Service Update
We wanted to provide a full update on the service problems that FormSpring experienced today. On Tuesday, May 26, 2009 we experienced a number of outages over the course of approximately 2 hours that led to downtime of the FormSpring site, affecting your ability to build, view or submit forms. The first outage happened at 10:39am EST and intermittent outages or slowness continued until 12:42pm EST.
What happened
The root of the outage was our migration to a new hosting environment that took place shortly before 2am. The migration itself went smoothly and there was barely a blip of downtime as we made the switch. The new environment had been running in parallel with the old for over a month, and we had run it through a barrage of tests and trial runs to help ensure that the migration would go unnoticed. The migration was one of many steps we had planned to expand FormSpring’s underlying server architecture.
We watched the new environment closely after the migration, and around 10:30am started to see elevated levels of CPU usage on the primary web server.
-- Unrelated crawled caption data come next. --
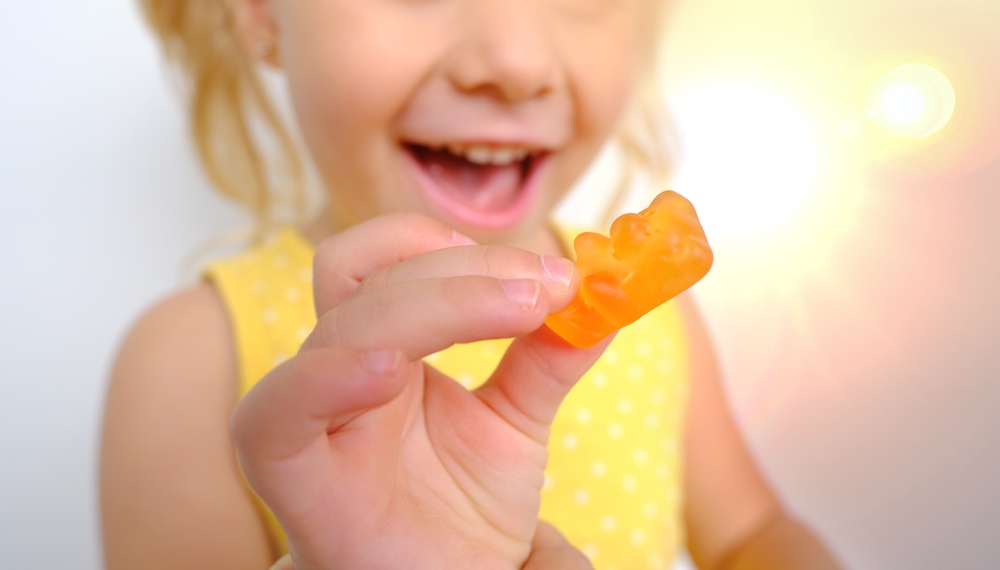 child eating gummy bear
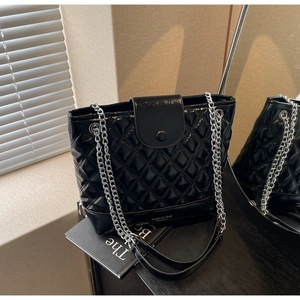 Detail of black quilted leather bucket bag featuring silver chain strap and fashion text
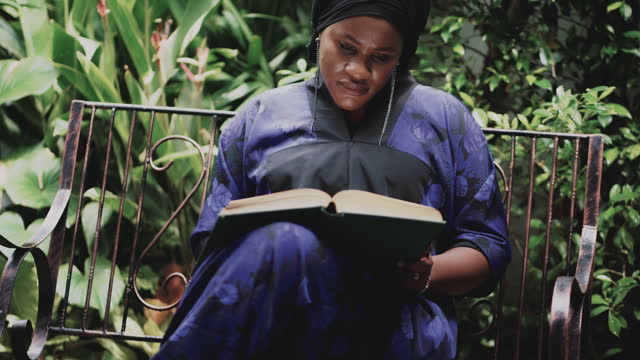 African muslim woman reading a book in courtyard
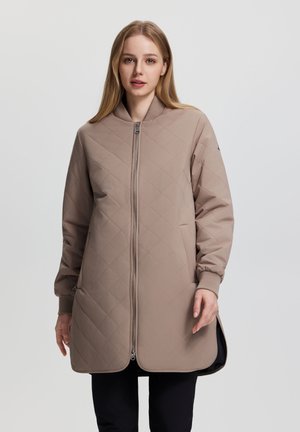 Junge Frau mit glatten blonden Haaren trägt eine lange, beige gesteppte Jacke mit Reißverschluss vorne und steht vor einem einfarbigen grauen Hintergrund.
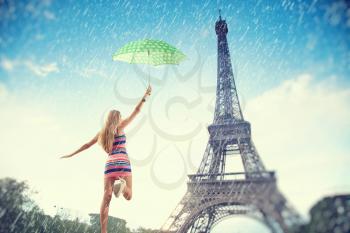 Beautiful girl running with an umbrella in the rain on a background of the Eiffel Tower. Summer trip to France in Paris.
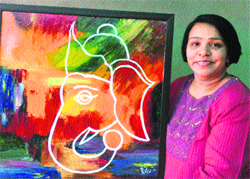 Artist Ritu Taneja with her painting at an exhibition at Gurgaon. A Tribune photograph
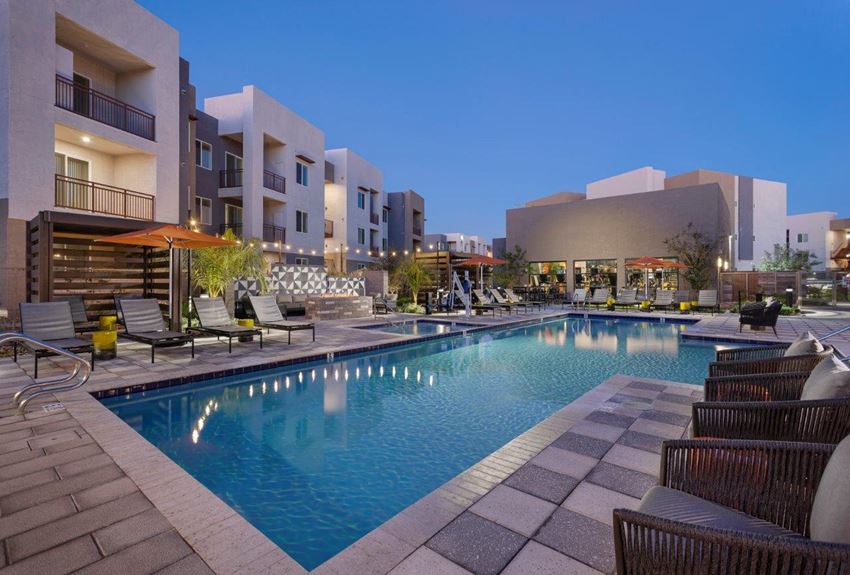a swimming pool with lounge chairs and umbrellas in front of a building a swimming pool with lounge chairs and umbrellas in front of a building at The Landing at Fiesta Village, Mesa, Arizona, 85210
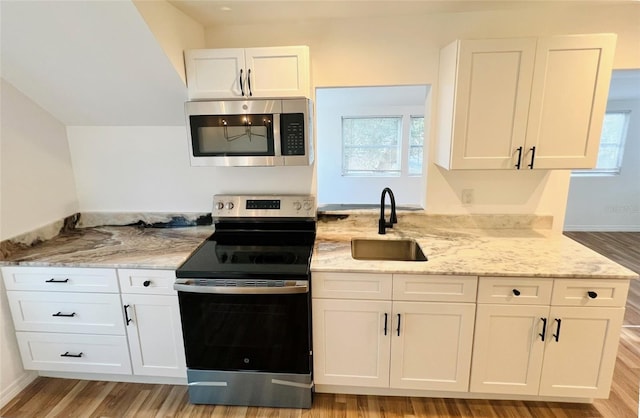 819 11th St N, Saint Petersburg, FL 33705 - kitchen with light wood-type flooring, a sink, light stone counters, white cabinetry, and appliances with stainless steel finishes
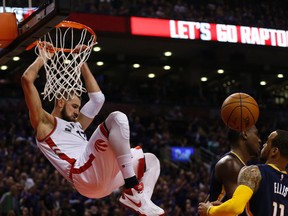 Raptors' Jonas Valanciunas completes a slam dunk against the Pacers during second quarter NBA playoff action in Toronto on Tuesday, April 19, 2016. (Jack Boland/Toronto Sun)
While the level of traffic on the site wasn’t above norms, it appeared that the new environment reached a tipping point where each new connection to the site slowed down the server and new connections queued up behind others causing the server to become even slower. In just a few minutes the site went from normal to slow beyond usable.
We started working with our hosting provider to troubleshoot the issue. Over the course of the next hour we tried a combination of configuration tweaks, failed over to a backup web server, and increased the capacity of the primary web server from 2 CPUs to 4, all without much success of solving the problem. We also shut down the admin side of the application so that the servers could focus on just serving forms and collecting submissions. We finally failed back to the original hosting environment, and continue to run there right now.
Status of form submissions
Fortunately, we did not see any data loss during the outages. Our primary database server continued to operate as expected, and we had multiple backups on hand in case of data corruption. However, users likely would have had trouble viewing or submitting forms, depending on the time of submission. In that case they would have seen either an error message from their browser or a FormSpring error message indicating that the site was down or a connection was lost. If that happened then the submission was never saved to the database and the form will need to be re-submitted.
Going forward
We’re fully back on the old environment and can continue to run there for weeks or months if necessary. However, we do feel it’s important to eventually continue to expand our architecture and are assessing our original plans for doing so.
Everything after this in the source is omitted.